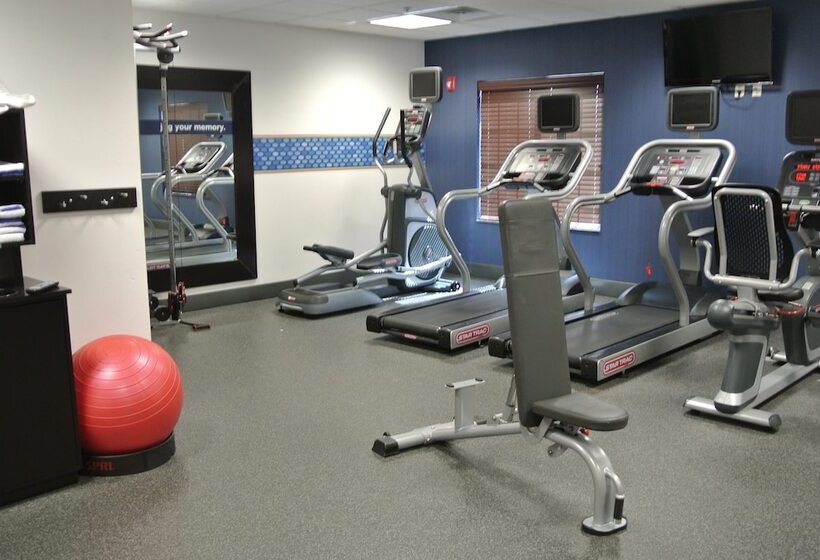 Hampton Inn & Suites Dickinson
========================================================================
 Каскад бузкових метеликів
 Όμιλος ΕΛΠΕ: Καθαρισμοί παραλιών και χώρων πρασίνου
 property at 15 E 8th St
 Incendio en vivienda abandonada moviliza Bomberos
========================================================================
◆ **Problem to work on**
Above are the records; repeat exactly the lines from the one holding "Όμιλος ΕΛΠΕ: Καθαρισμοί" down to the one holding "Incendio en vivienda", end lines included.

◆ **Answer area**
 Όμιλος ΕΛΠΕ: Καθαρισμοί παραλιών και χώρων πρασίνου
 property at 15 E 8th St
 Incendio en vivienda abandonada moviliza Bomberos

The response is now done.